Kita harus hati-hati dengan kalimat-kalimat seperti itu, kelihatan seperti menyatakan iman yang tinggi, padahal sebetulnya ingin menyatakan pengenalan diri yang sama sekali salah, kalau Tuhan betul-betul menghadirkan kepada kita utusan-utusan iblis, duri seperti itu, kita baru tahu betapa beratnya struggle di dalamnya. Meskipun kita tahu ada saat-saat Tuhan memberikan juga kepada kita seperti itu, tetapi coba perhatikan Paulus waktu dia berdoa, duri dalam daging, tolong Tuhan cabut, Paulus tidak pernah mengatakan, tambah lagi Tuhan, Paulus tidak pernah menantang seperti itu. Paulus tahu betapa sulitnya struggle dengan duri itu, utusan iblis yang datang menggocoh aku, tolong tarik Tuhan, tapi Tuhan katakan, tidak, cukup kasih karuniaKu untuk engkau, itu kedaulatan Tuhan, tapi dari sisi Paulus, dia ingin Tuhan menarik duri itu karena dia sudah tidak kuat. Tetapi Tuhan menghibur, justru di dalam kelemahanmu kuasaKu menjadi sempurna. Puji Tuhan kalau Tuhan masih punya bijaksana seperti ini, di luar bijaksana kita, lalu kita tetap belajar percaya.
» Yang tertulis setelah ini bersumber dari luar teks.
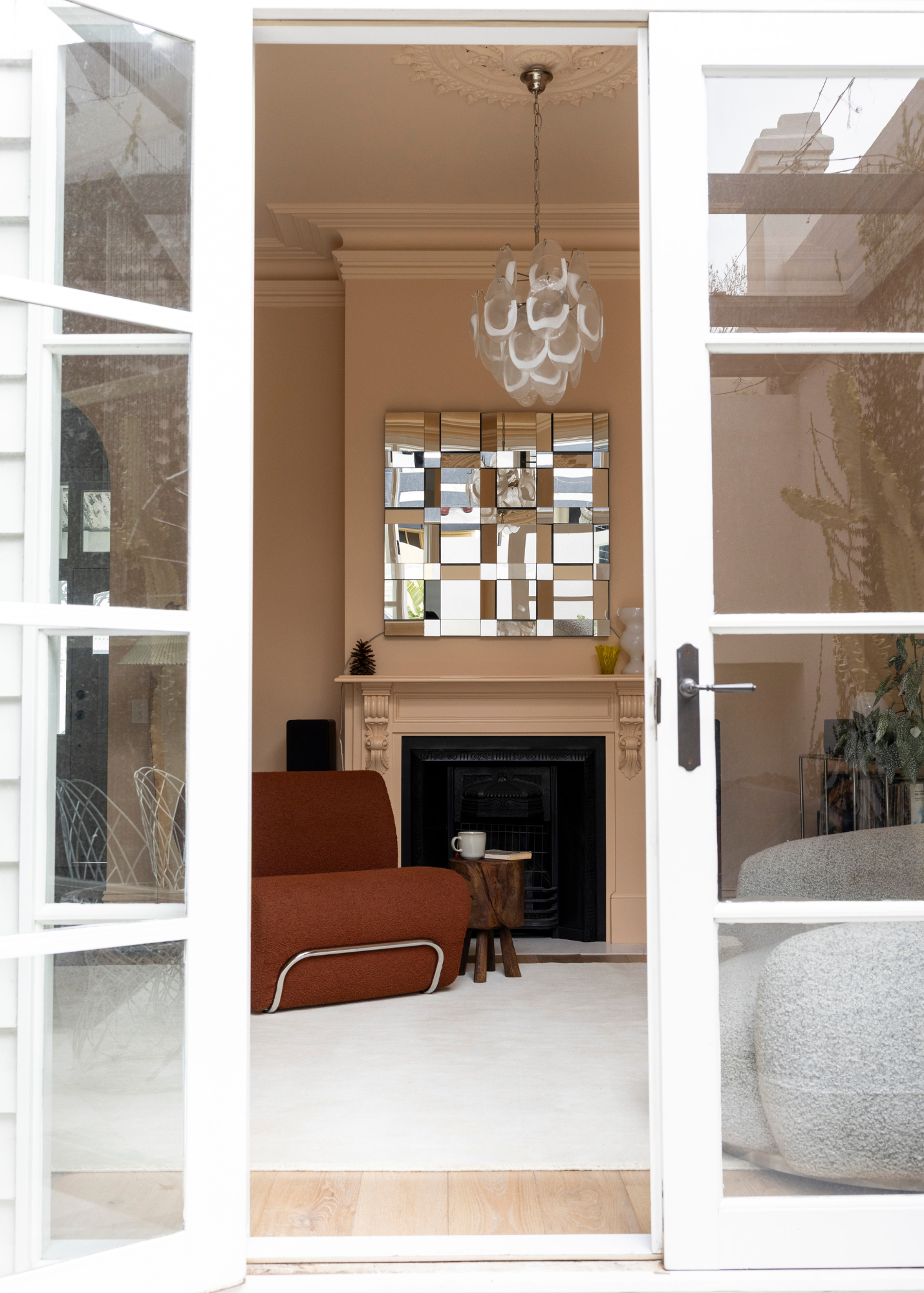Living room with a fireplace, mirror, and sofa viewed through a glass door on Wool Texture Milk Cream Rug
Tetapi sekali lagi, dari sisi kita, kita bukan minta penderitaan, pencobaan, kalau boleh bebaskan kami dari pencobaan, Yesus di taman Getsemani pun berdoa, kalau boleh cawan ini lalu dari padaKu, tetapi kehendakMu yang terjadi, bukan kehendakKu. Acknowledgement itu di dahului dengan pengenalan diri yang sangat tepat, mengenal diri, kalau boleh cawan ini lalu daripadaKu, Yesus tidak menantang, kalau boleh cawannya tambahkan supaya lebih mulia lagi, Saya pasti akan kuat, karena Saya Tuhan kok, tidak ada doa seperti itu di dalam kekristenan. Kalau ada doa-doa seperti itu keluar dari mulut orang kristen, hati-hati model spiritualitas yang seperti itu, nanti kalau Tuhan betul-betul utus iblis di dalam kehidupan kita, kita baru tahu, betapa babak belur kita di dalam keadaan seperti itu. Maka jangan menantang, ini bagian dari pada spiritualitas kebergantungan, kerendahan hati, “jangan membawa kami ke dalam pencobaan”, saya lemah Tuhan, saya penuh dengan dosa, ampunilah saya, jangan membawa saya ke dalam pencobaan. Kiranya Tuhan memberkati kita semua. Amin.